Essays, poems and Stories of an African-American

Monday, 5 October 2015

US National HIV/AIDS Strategy From a Public Health Perspective

Knowledge of strategies and outcomes of National Health Programs is a crucial point if a health care provider is to remain relevant and effective. 

Tracy (not real names) is  a 22 years Transgender Male to Female identifying person living with HIV (undetectable). HIV diagnosis was made at 17 years.

Jones Cornelius 55 years (not real names) has an SRO in Chinatown San Francisco. HIV diagnosis was done at 30 years when he started getting unexplained and unresolving illnesses.

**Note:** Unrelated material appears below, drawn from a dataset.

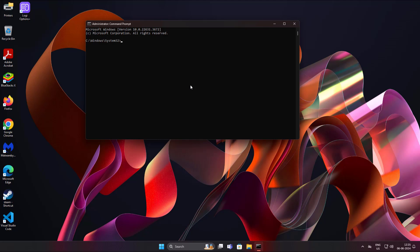Type bcdedit space slash set space open bracket bootmgr closing bracket space displaybootmenu yes.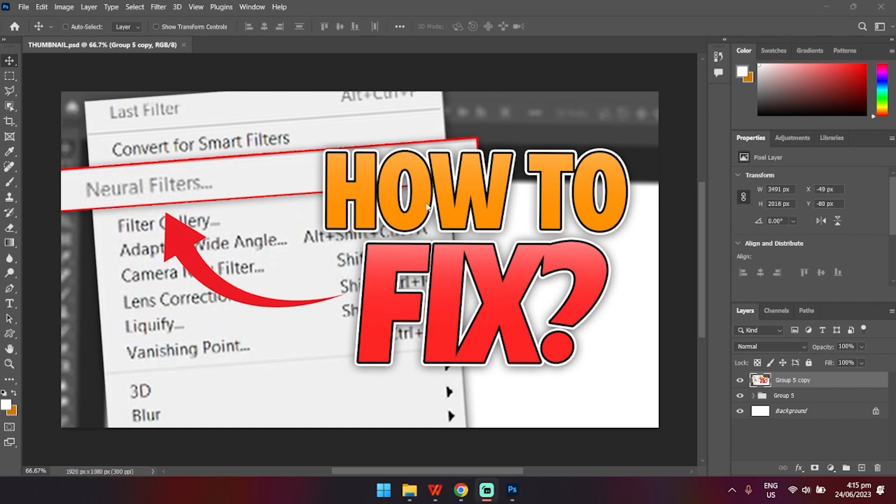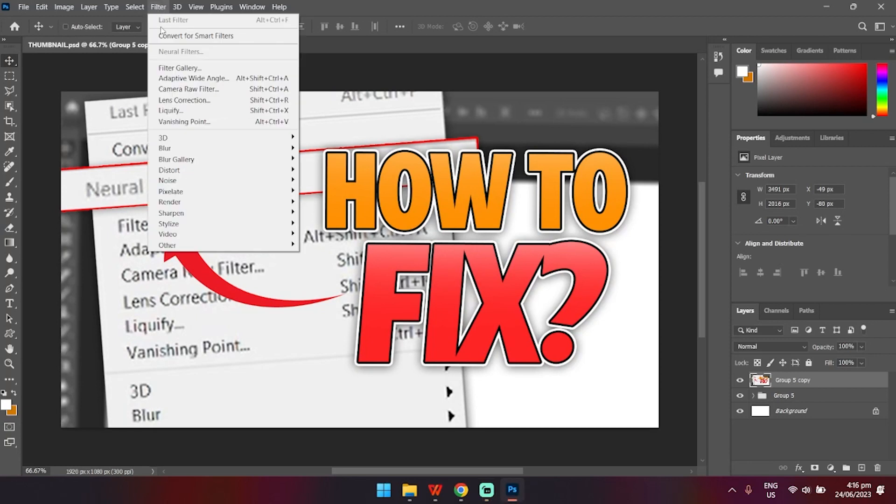first of all, just make sure that your Photoshop is open. And as you can see, here's the problem right here.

John (36 years) and Jane Doe (27 years) are an African-American couple living with HIV diagnosed 5 years back.

"One (1) in eight (8) people with HIV still go undiagnosed. Only  three (3) in ten (10) people with HIV have suppressed the virus in their system, lowering it to an undetectable level," (President Obama, July 30th 2015). 


All four people have five things in common as far as HIV/AIDS goes:

1. They started HIV treatment very early. This ensured that opportunistic infections were avoided.
2. They are active members to their support groups. This means they are beneficiaries of such initiatives that look forward to an HIV free world.
3. They have never missed their doctors' appointments. They are able to have plan with their provider in a mutually friendly way.
4. They feed regularly. Feeding as a source of energy foods, nutritious feeds and necessary elements that body requires.
5. They are committed to activities suppressing viral load. They are taking the highly effective medicines regularly

All this was possible, thanks to a robust and friendly National HIV/AIDS Strategy that emphasizes:
  • Early HIV treatment
  • Early pre-exposure prophylaxis (PrEP)
  • Focus on heavily affected groups including: young gay men, transgender women, African-Americans, Immigrants, young couples.
  • increased percent of people with HIV who know their serostatus to at least 90%
  • reducing number of new infections by 25%
  • increasing the percentage of newly diagnosed people linked to HIV medical care within one month to 85%
  • increasing the proportion of HIV-positive people with viral suppression to at least 80%
  • reducing the death rate among people with HIV by at least 33%


Knowledge of strategies and outcomes informs one on how to best design messages, interventions and key areas of support. This helps a Public Health Practitioner to remain relevant and effective.